YOUR TASK —
Below are the records; extract from them the line containing "hand knitted water wave scarf SY-1074" to the line containing "Oversized Sherpa Hoodie", both lines included, exactly and with no pictures.

DATASET —
_____

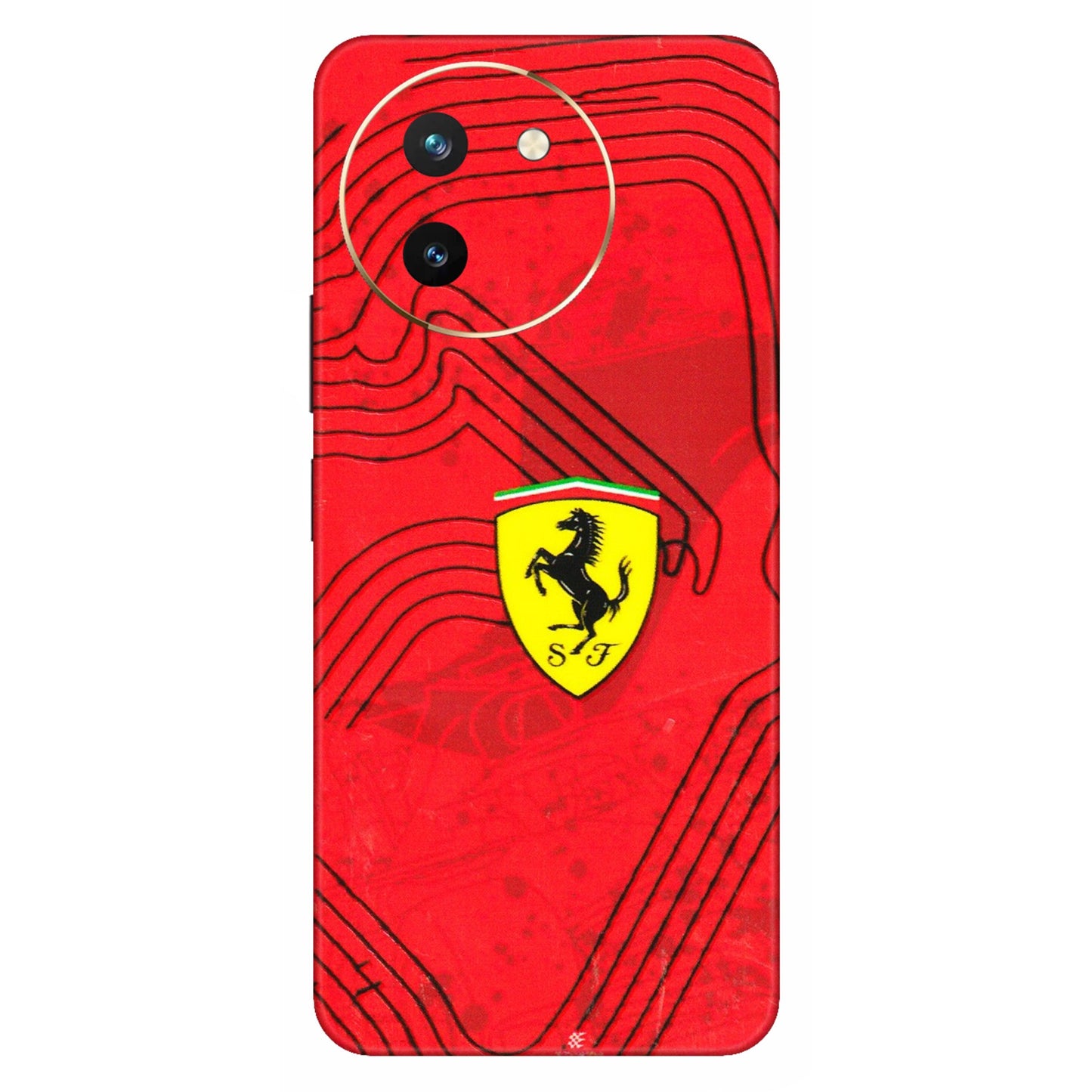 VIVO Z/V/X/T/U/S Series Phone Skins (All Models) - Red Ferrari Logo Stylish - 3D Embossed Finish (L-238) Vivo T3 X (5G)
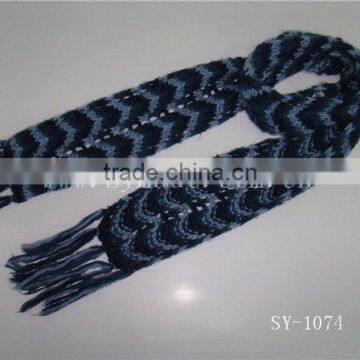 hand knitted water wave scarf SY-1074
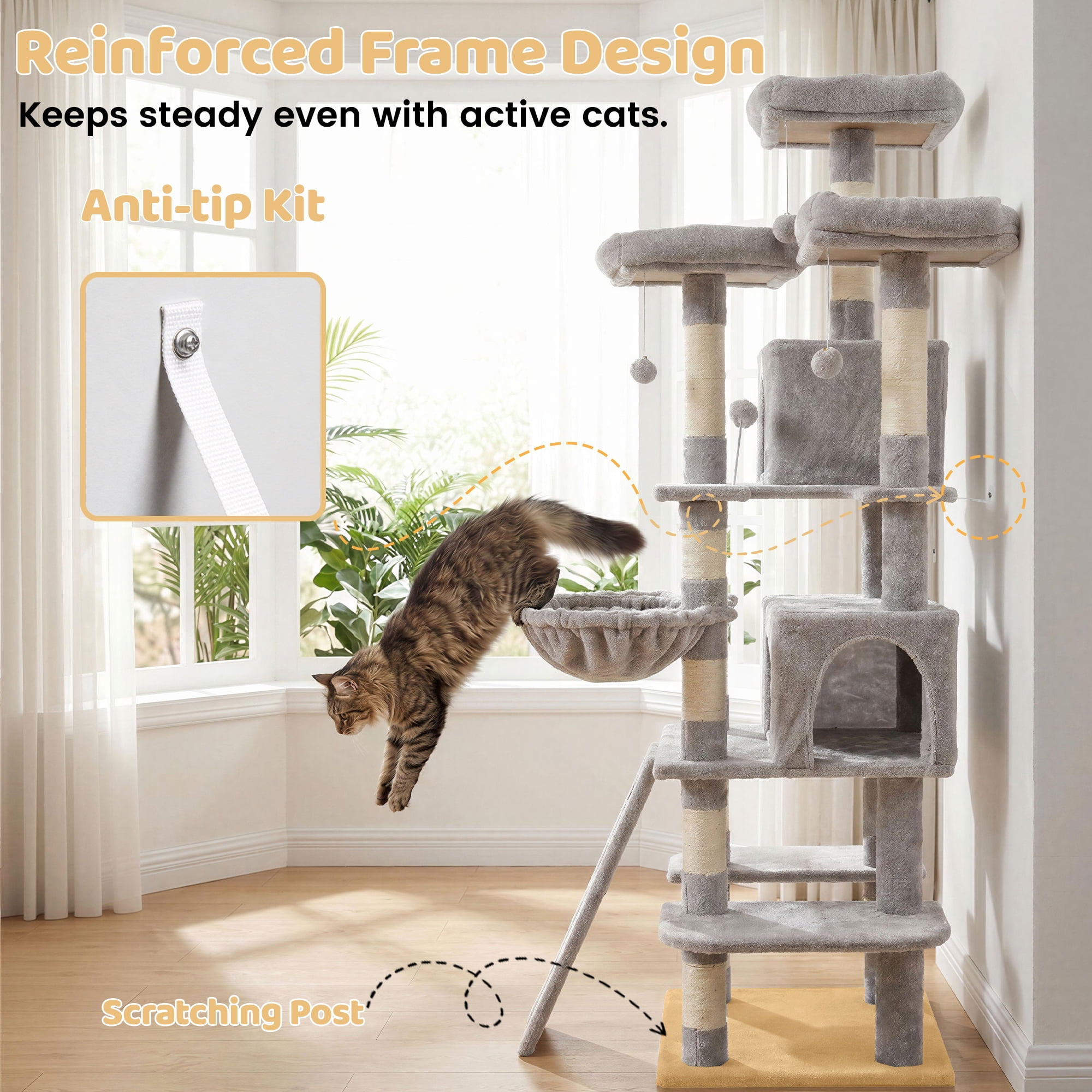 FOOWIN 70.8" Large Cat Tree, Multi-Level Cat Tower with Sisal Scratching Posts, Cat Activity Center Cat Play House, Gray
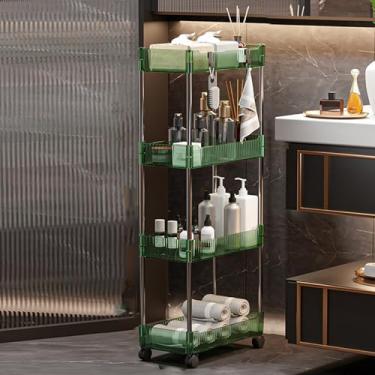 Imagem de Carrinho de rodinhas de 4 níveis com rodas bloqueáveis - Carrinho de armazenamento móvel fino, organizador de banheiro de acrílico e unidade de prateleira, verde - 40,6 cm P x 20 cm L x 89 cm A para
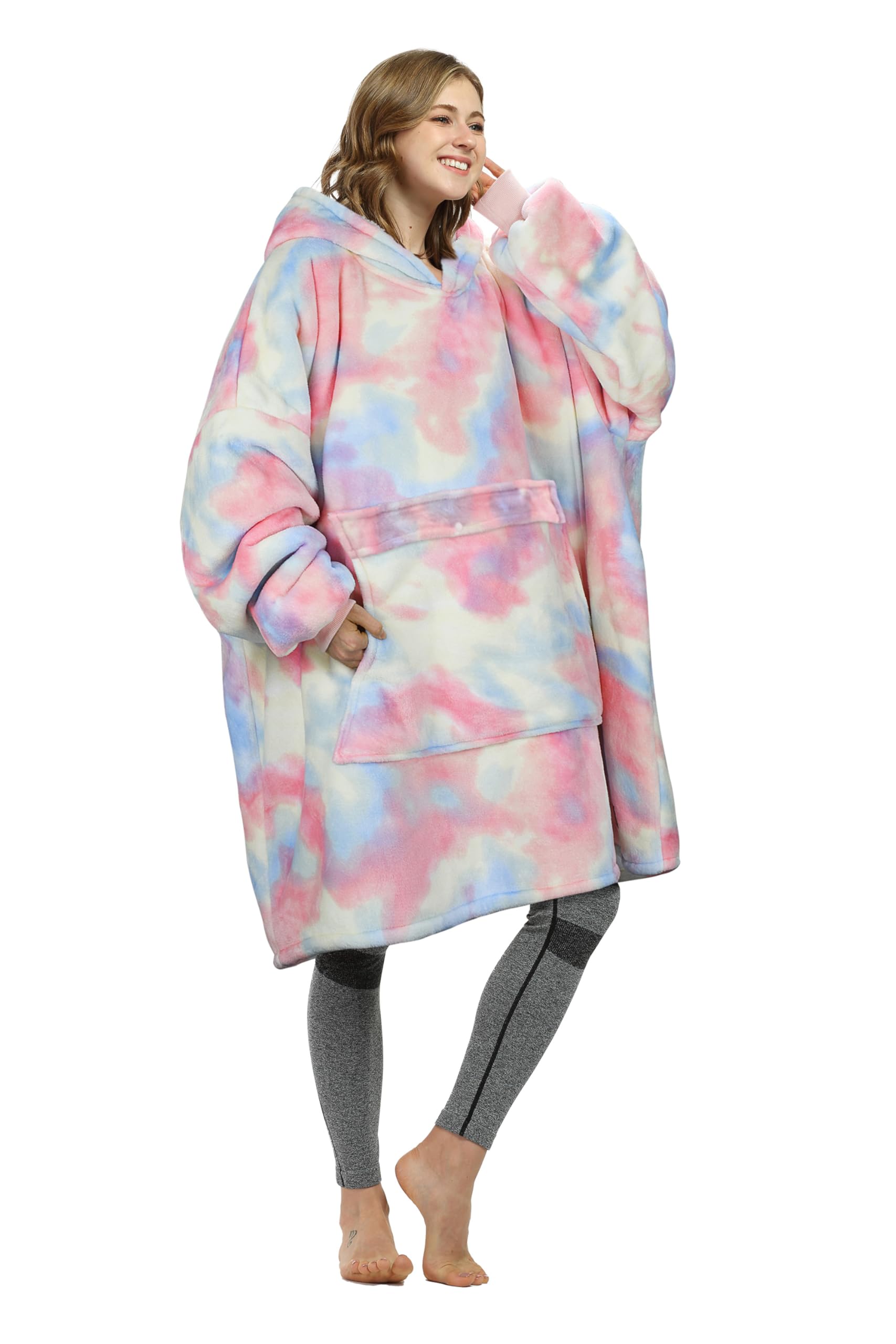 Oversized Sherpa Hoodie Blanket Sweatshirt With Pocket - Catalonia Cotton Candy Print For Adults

_____

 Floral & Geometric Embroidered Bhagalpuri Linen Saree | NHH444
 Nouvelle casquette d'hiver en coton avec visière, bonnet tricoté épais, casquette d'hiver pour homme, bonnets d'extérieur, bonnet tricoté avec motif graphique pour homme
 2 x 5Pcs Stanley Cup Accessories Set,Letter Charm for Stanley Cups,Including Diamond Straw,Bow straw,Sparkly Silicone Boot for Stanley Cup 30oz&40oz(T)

_____

RESPONSE —
 hand knitted water wave scarf SY-1074
 FOOWIN 70.8" Large Cat Tree, Multi-Level Cat Tower with Sisal Scratching Posts, Cat Activity Center Cat Play House, Gray
 Imagem de Carrinho de rodinhas de 4 níveis com rodas bloqueáveis - Carrinho de armazenamento móvel fino, organizador de banheiro de acrílico e unidade de prateleira, verde - 40,6 cm P x 20 cm L x 89 cm A para
 Oversized Sherpa Hoodie Blanket Sweatshirt With Pocket - Catalonia Cotton Candy Print For Adults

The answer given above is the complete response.